What it does show is that generally boards prefer an insider.  A majority of the organizations prefer people already 'in'.  In the 2012 Chief Executive Study, called "Time for New CEOs," conducted by Booz & Company to study trends in successions in large public companies,  it was  found that 71% of incoming CEOs that year were insiders, and 25% had worked at the same company for their whole career.

Insiders know -
a) The culture of the organisation
b) Its people
c) The capabilities
d) Existing & potential weaknesses
e) Markets
f) Challenges
g) Competition and competitive pressures.

This would give them a leg up and can actually hit the road faster.  Insiders are said to have generated higher total shareholder returns over their tenures.

The same applies for returning bosses. They practically know most aspects and have a larger understanding of both the innards and external conditions of the organization well enough to act swiftly. What also separates them from the promoted CEO is that the challenges of being the CEO are different from being the second in command. There is someone else to take the rap or take the call when you are the second in command.  As and actual CEO, the scope is very different & it is far more taxing. This explains why Bob Mcdonald and Ron Johnson who never had CEO experience had to quit. What is more important however is the fact that comeback CEOs have a decent track record of having run their companies earlier (Ullman can be excused as he had managed to show some profits earlier at least better than Ron Johnson). It is expected that they have not missed much in their absence from the playing field. Infact their absence from the day to operations can be viewed as an advantage - they would not be responsible for the current mess!
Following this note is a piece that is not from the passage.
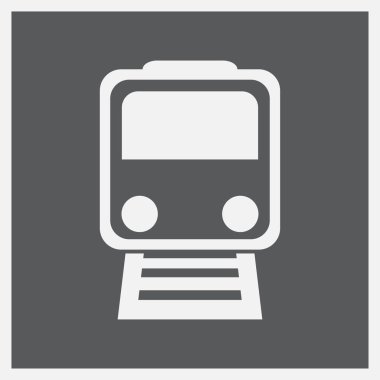 Tren simgesi. Web Tasarım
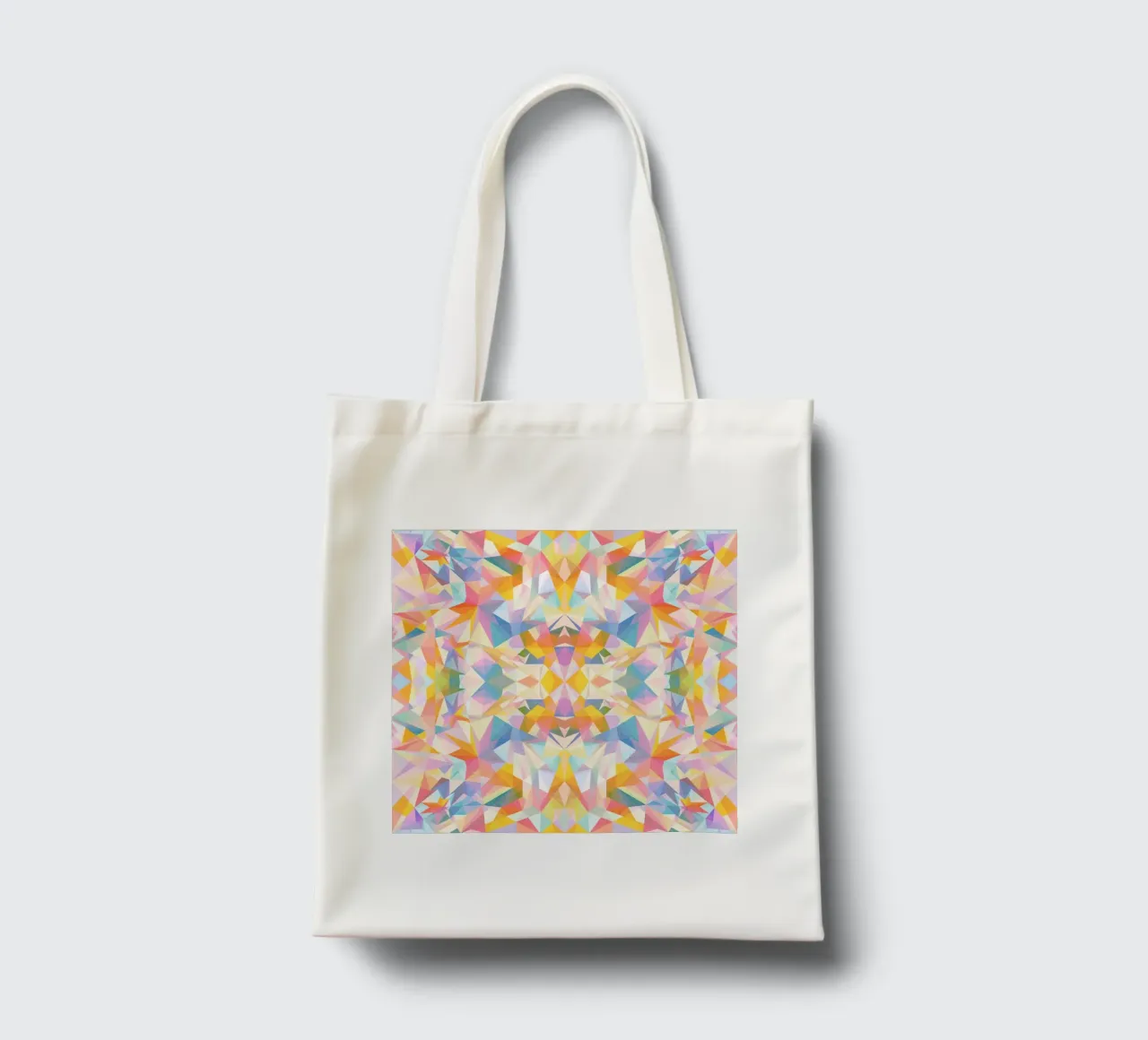Beautiful Way - Abstract Geometric Pattern borsa in juta da Abstract 888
Crudely put, calling back a boss is like calling back a contractor who was anyway supposed to do the job correctly in the first instance. Only when you are pushed to the wall will you do something like this. Hence, there are causes for concern -
a) It is obvious these comeback bosses would not come back if the company was in a mess or there was an impending mess
b) There is a possibility that the mess was created by the comeback CEOs and at least they are partly responsible because they got in the wrong CEO to replace them
c)  It is likely that that the strategies that the comeback CEOs had thought off was not workable in the long term and the existing CEO was basically following the strategy set by his predecessor (and taking the rap for it as well)
 d) All comeback bosses left for a reason, whatever it is.  Can be retirement, can be another job. There is no guarantee that they will have the same enthusiasm/ energy in the sequel

RĂ¼diger Fahlenbrach in his study “The Market for Comeback CEOs” studied 275 publicly traded American firms whose CEOs had stayed on the board after retirement and were still around when the company again needed a new CEO. About a quarter rehired the old one instead. This is surprisingly a high percentage!
It was also inferred that 'the decision to rehire former CEOs is related to the past performance of both the former and current CEO. Former CEOs are more likely to be rehired if they had a high stock market performance during their first tenure and if their replacement did particularly poorly. Organizations also are more likely to rehire their former CEOs the larger is the percentage of total  institutional ownership and the more intangible are the firm’s assets. The probability of a firm rehiring a former CEO is positively related to the founder and chairman status of the CEO and to his share ownership.'

Perhaps the most important category of comeback bosses consists of founder-CEOs who return to try to fix the companies they created - Steve Jobs at Apple, Howard Schultz at Starbucks, Michael Dell at Dell & Charles Schwab at the broking firm named after him. In all these cases their successors have failed and they had to step right in again. Narayana Murthy perhaps is following a slightly more circuitous route by letting the CEO stay but becoming the Super CEO (Executive Chairman)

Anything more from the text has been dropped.